• _Work request_
Begin at the line where "ساعت مچی مردانه" appears and reproduce exactly every line through the end of the data below, both included, skipping pictures.

• _Data in this exercise_

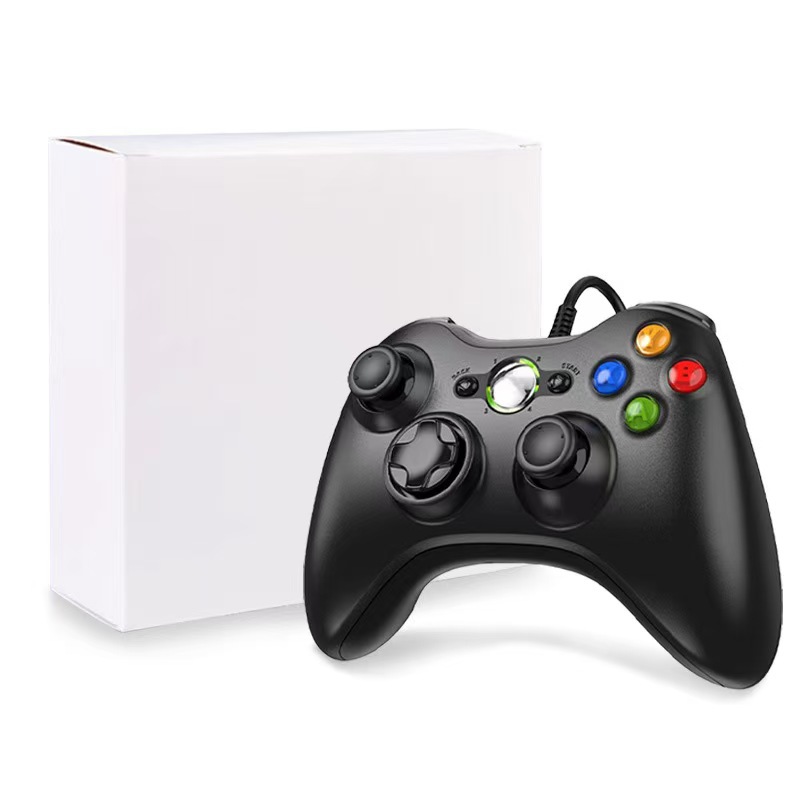 Gamepad USB wired plug and play computer xbox multi-platform compatible pc asymmetric dual vibration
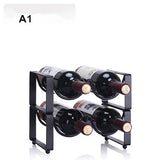 Modern Simple Superposition Wine Rack Ornaments Wine Bottle Holder Wine Cabinet Iron Creative Wine Rack More Type Can Be Choose
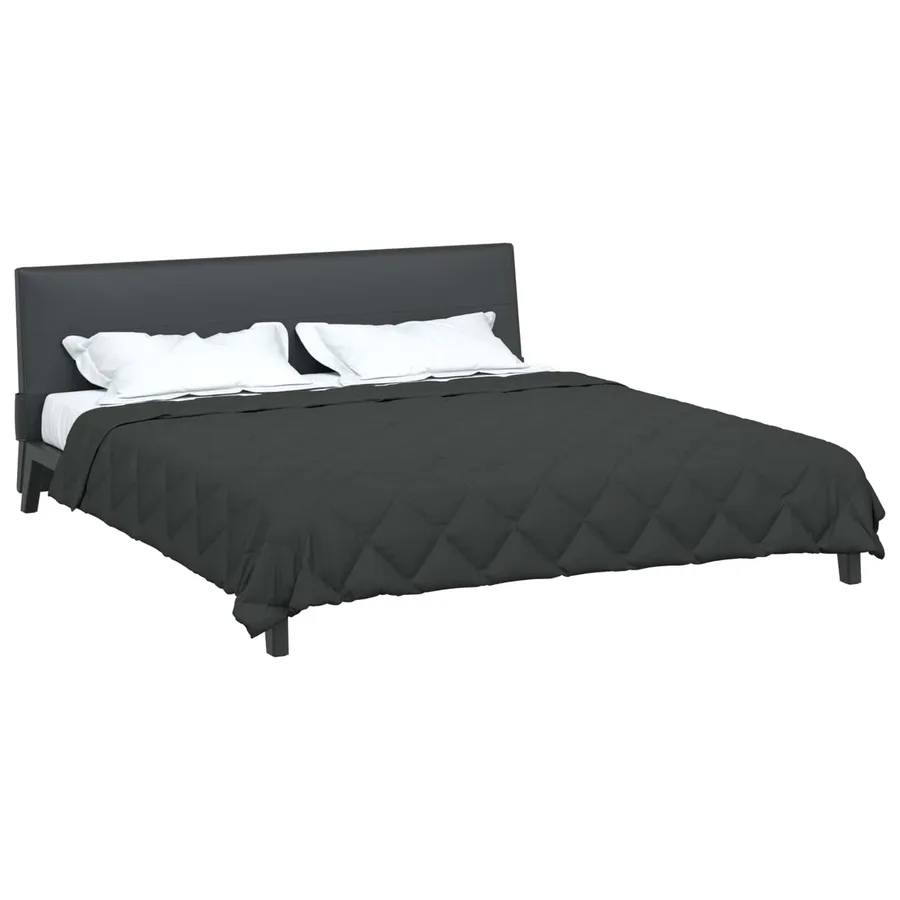 Duvet complet toute l'année Anthracite 220 x 240 cm Microfibre - 3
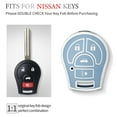 thumbnail image 4 of OFFCURVE Nissan Car Key Cover Case for Versa, Juke, Rogue, Sentra, Titan, Armada, Cube, Frontier, NV, Infiniti FX35, FX45, 4 of 6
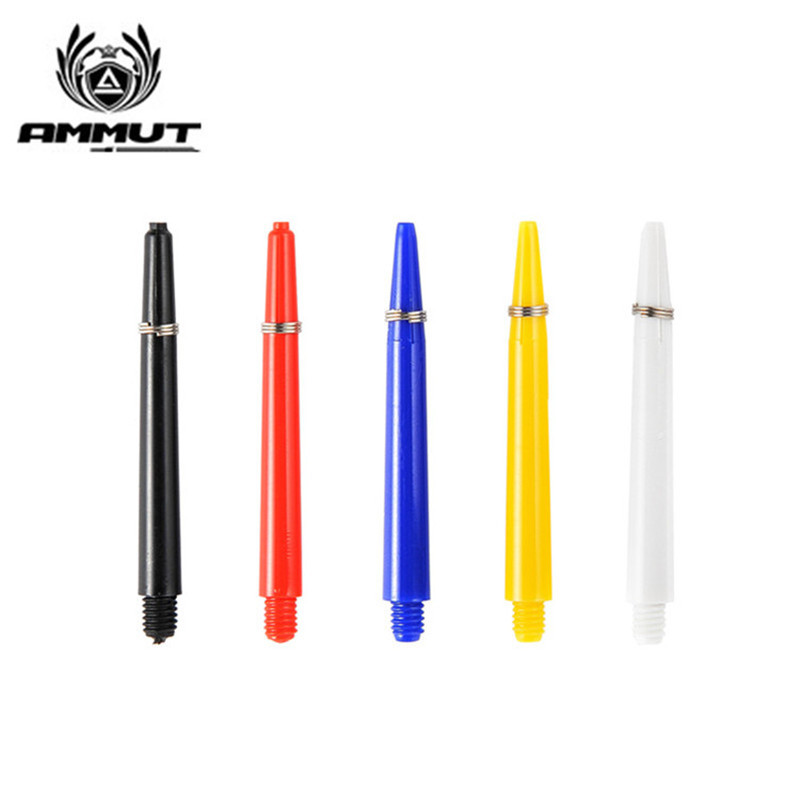 AMMUT AMUT Professional Dart Shaft การแข่งขันไนลอน PC Dart Shaft Multi-Color อุปกรณ์เสริม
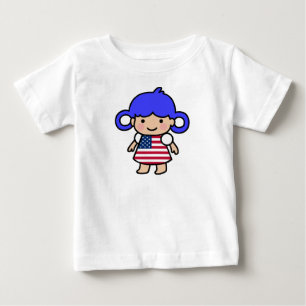 Meisje Amerikaanse vlag jurk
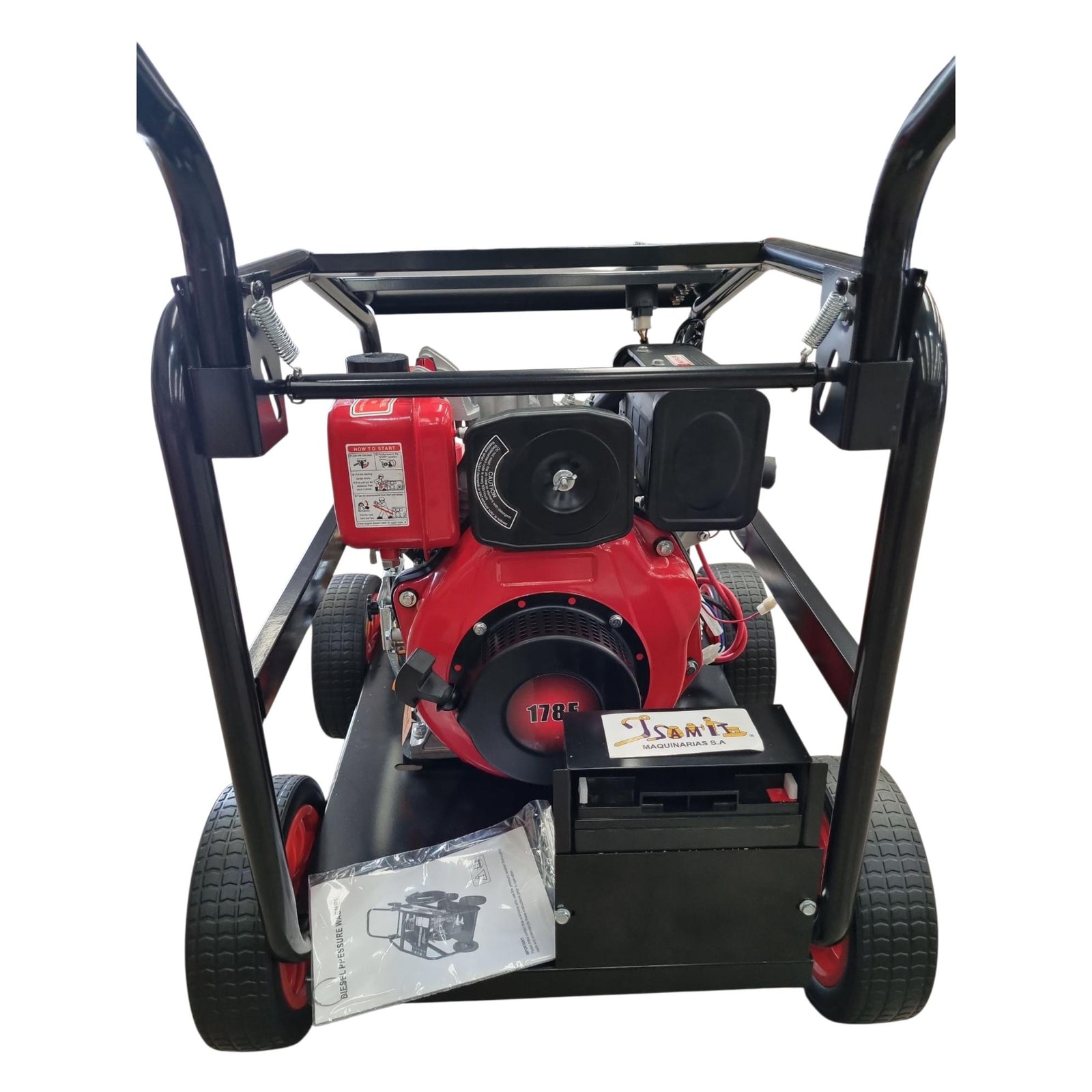 Hidrolavadora Industrial Diesel 2500 PSI Camell Motor 6HP con Partida Eléctrica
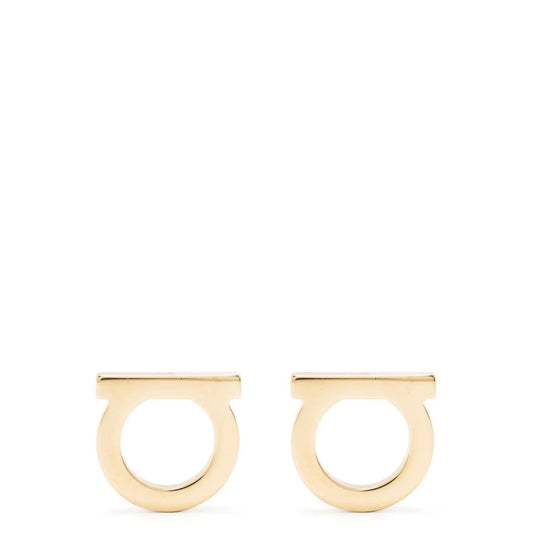 Ferragamo Gold Brass Earrings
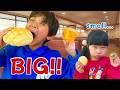 【寸劇】ゆーくんばっかりズルい！ゆなちゃんも大きい方が食べたい【ごっこ遊び】Yu and Yuna pretend to compare big and small foods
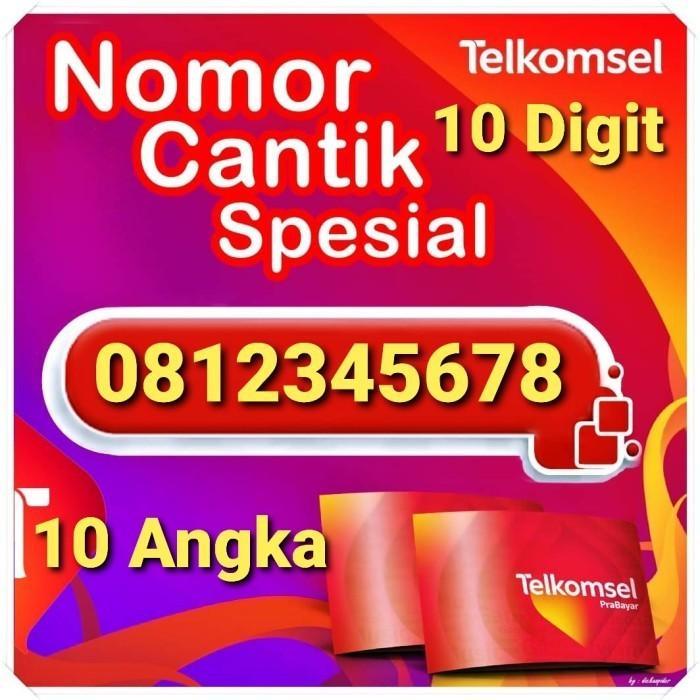 Nomor Cantik Simpati 10 Angka Kartu Perdana Telkomsel Prabayar Spesial - 08222 333 55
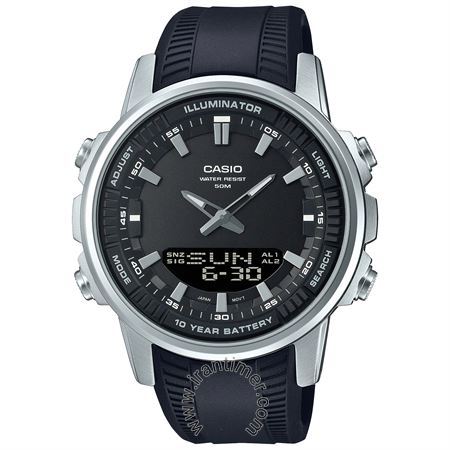 ساعت مچی مردانه اسپرت بند پلاستیکی، ساعت جهانی، تایمر شمارش گر معکوس، نور پس زمینه، نمایش تاریخ کامل تا سال 2099، زمان سنج، دارای 3 زنگ هشدار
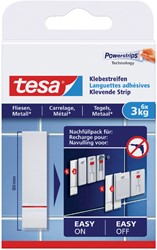 Powerstrip Tesa voor tegels en metaal 3kg pk/6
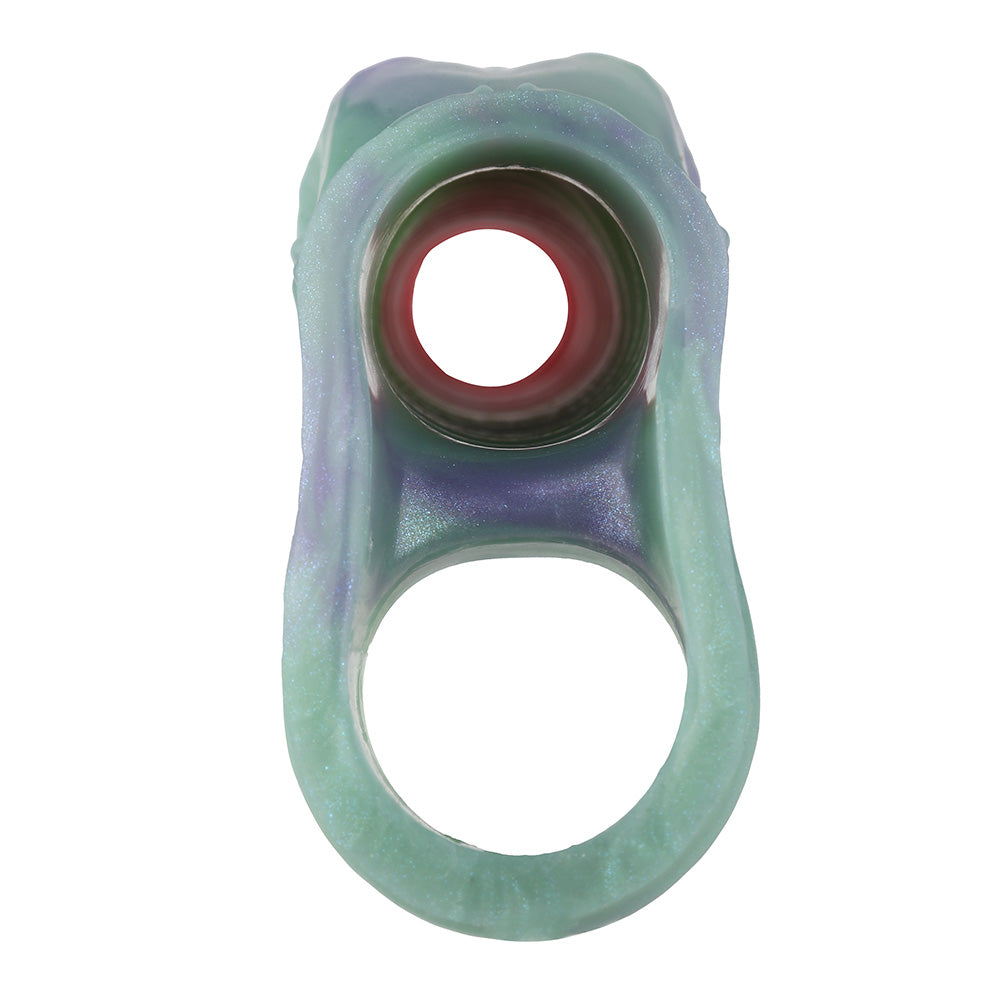 Ouvertes Souple Silicone Gaine à Pénis Fantasy avec Nœud Canin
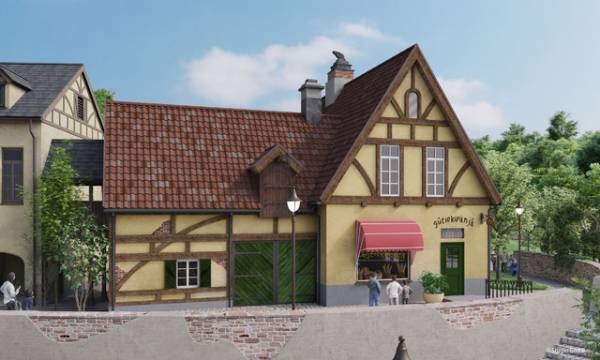 3月開園“魔女の谷”「ジブリパーク」新ポスター公開　メリーゴーランド＆フライングマシン登場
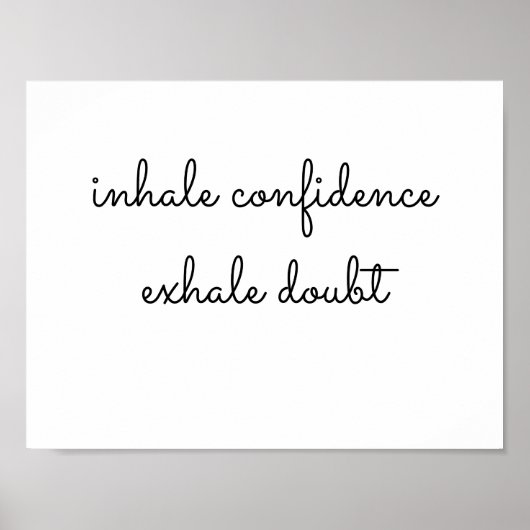 inhale exhale poster (Voorkant)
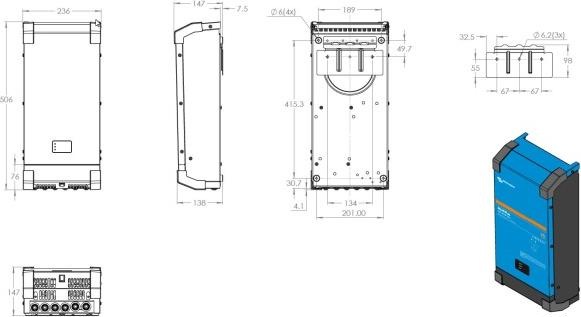 Produktbild Victron Energy MultiPlus 12/2000/80-32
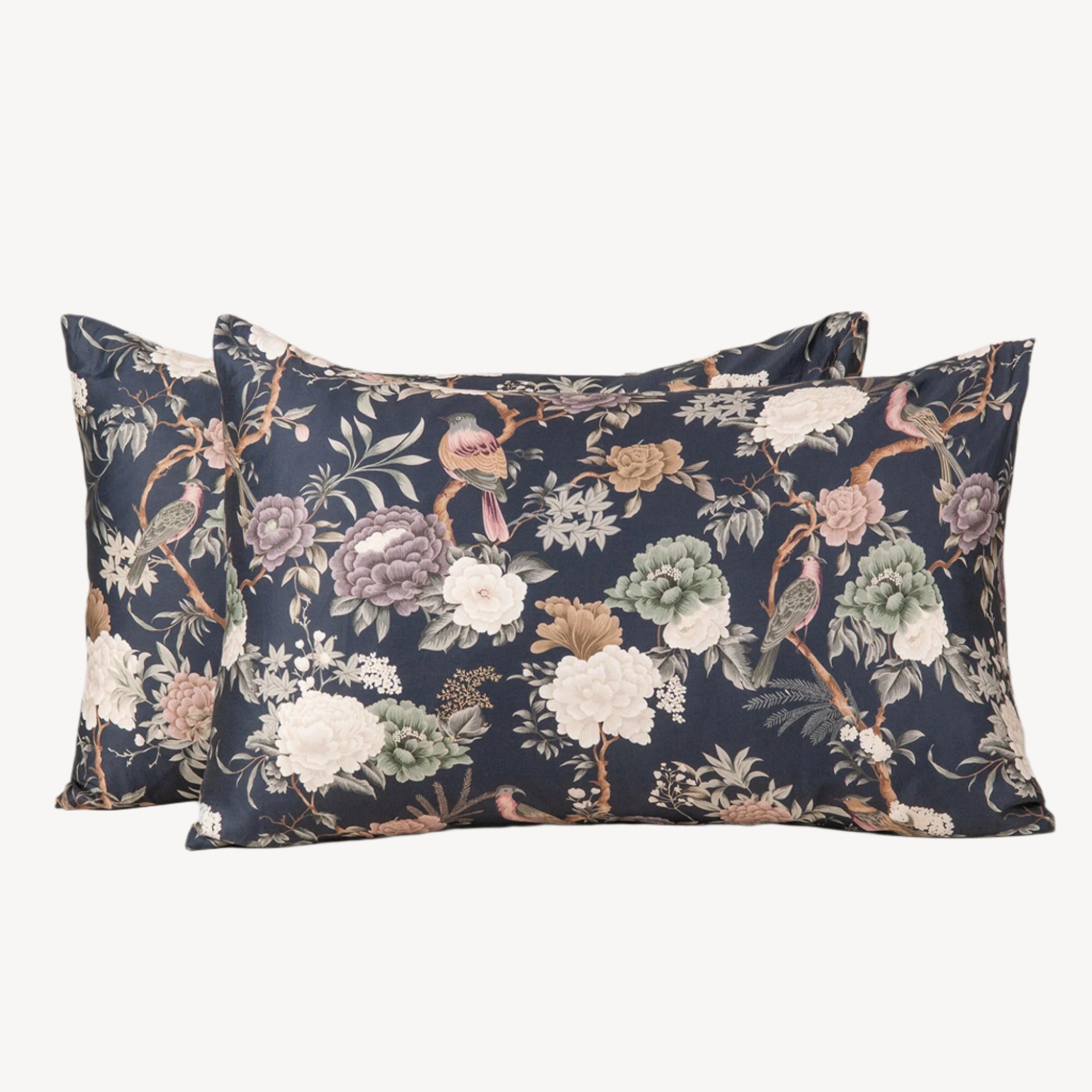 Moonflower Pillowcases - THE LINEN COMPANY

• _Solved exercise_
 ساعت مچی مردانه اسپرت بند پلاستیکی، ساعت جهانی، تایمر شمارش گر معکوس، نور پس زمینه، نمایش تاریخ کامل تا سال 2099، زمان سنج، دارای 3 زنگ هشدار
 Powerstrip Tesa voor tegels en metaal 3kg pk/6
 Ouvertes Souple Silicone Gaine à Pénis Fantasy avec Nœud Canin
 3月開園“魔女の谷”「ジブリパーク」新ポスター公開　メリーゴーランド＆フライングマシン登場
 inhale exhale poster (Voorkant)
 Produktbild Victron Energy MultiPlus 12/2000/80-32
 Moonflower Pillowcases - THE LINEN COMPANY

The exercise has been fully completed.